Machine Learning in Supply Chain Management — What Possibilities Exist?

October 14, 2020 • Devin Partida


Machine learning is a subset of artificial intelligence (AI). It features algorithms that get more accurate without constant training from humans. Exposure to data helps them improve. Applying machine learning in supply chain management is one of this technology’s most disruptive use cases.

Operating a streamlined supply chain is one responsibility that machine learning could improve, especially due to the unpredictable nature of marketplace conditions, product availability and consumer demands. How could companies depend on machine learning in supply chain management?  Let’s explore what’s possible. 

Better Visibility With Machine Learning and Connected Sensors

Many supply chain managers decide to use Internet of Things (IoT) sensors to continuously gather data about things like total output, available inventory and employees’ productivity. If they also depend on machine learning algorithms to analyze the compiled information, those professionals could get insights much faster than they could without such technological assistance.

For example, well-trained algorithms can consider tens of millions of options in fractions of a second. Humans still make the final decisions about which actions to take. 

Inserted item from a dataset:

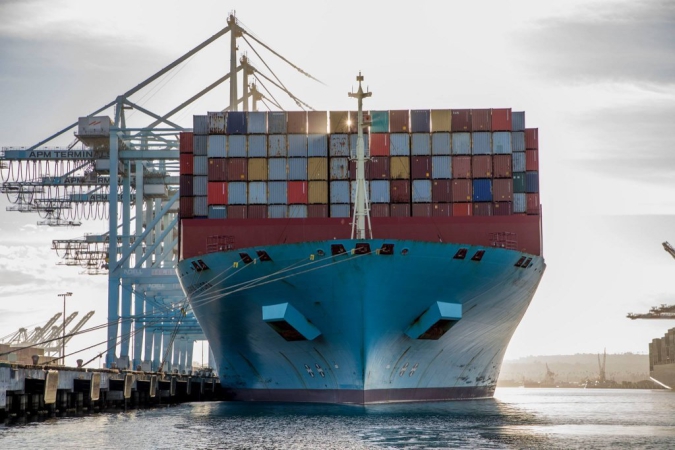 Kontenerowiec Maersk Evora ustanawia rekord jednorazowego przeładunku kontenerów (24,846 TEU) w porcie Los Angeles w październiku.-GospodarkaMorska.pl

The significance of using machine learning in supply chain management is that the technology shows them aspects and trends they may have otherwise missed. Such information allows for a more proactive approach to operations. 

Improved Procurement Efforts From Enhanced Decision-Making

Professionals also rely on machine learning in supply chain management when they want to make smarter procurement-related choices. For example, predictive analytics could help companies anticipate delays and accommodate for them before those slowdowns cause major issues. 

Machine learning could also show which suppliers historically provide the most reliable service. It then becomes easier to assess those sources to decide which ones are appropriate to fulfill the needs associated with an upcoming project. 

Intelligent algorithms can even send out bid requests to groups of suppliers that meet a defined set of criteria. That approach reduces the manual work supply chain managers must do to get the goods they need to keep operations running smoothly. 

Stronger Competitive Advantages Thanks to Optimization

Supply chain brands must continually evolve to show that they are aware of customer demands and able to meet them. Applying machine learning in supply chain management can help companies achieve competitive advantages by optimizing their processes and seeing where room for improvement exists. 

Companies often keep going through business processes with the same techniques that worked well years earlier. They may not change their ways unless something disastrous happens. 

The beauty of machine learning is that it can detect how to make things better before a catastrophe strikes. For example, it might recommend a relatively simple change that saves time and money. 

No business can see what’s ahead with complete accuracy. Machine learning technology can make it so that a company stays competitive by avoiding surprises, though.

Faster and More Accurate Inspections

Careful inspections are crucial parts of successful supply chains. Those examinations check that finished products are free from defects or that parts arriving from elsewhere are genuine and meet stringent quality standards. 

Estimates suggest that as many as 6% of imports in the United States and the European Union are counterfeit. Supply chains face various risks from fake products, ranging from product delays to product failures and consumer harm. 

Researchers developed a machine learning data set containing three million images of common kinds of counterfeit and genuine goods. This method is more than 98% accurate in differentiating between the two groups. 

Machine learning in supply chain management also applies to quality control at factories. For example, machine vision cameras can evaluate products on assembly lines faster and more precisely than humans. 

Happier Customers Due to More Efficient Deliveries

The delivery time frame is often a tremendous concern for potential customers. If they can’t get desired items fast enough from one source, those parties will likely shop around for the companies that can give them the fastest service.  It’s also crucial that businesses meet the requirements they set about shipping speeds.

Depending on machine learning in supply chain management could help with those factors, meaning that customers feel satisfied and ready to do business with an enterprise again. For example, algorithms can assess numerous aspects that could impact delivery speed. Those include traffic and weather conditions. 

In one real-world example, an algorithm detects whether an address is likely a residence or a business. It then recommends the timing for the associated delivery so that the driver has a higher chance of the recipient being available to accept the package. 

Machine Learning in Supply Chain Management Takes Businesses to Greater Heights

This overview of machine learning in supply chain management shows that professionals have plenty of opportunities to make the technology work for them. However, there is no guaranteed path to success.

Company representatives should take the time to identify the most significant challenges or obstacles faced, then explore how machine learning might help deal with them. It’s also smart to track metrics so that business leaders have a clear understanding of what benefits the innovation caused, and what they still need to work on to maximize the return on investment.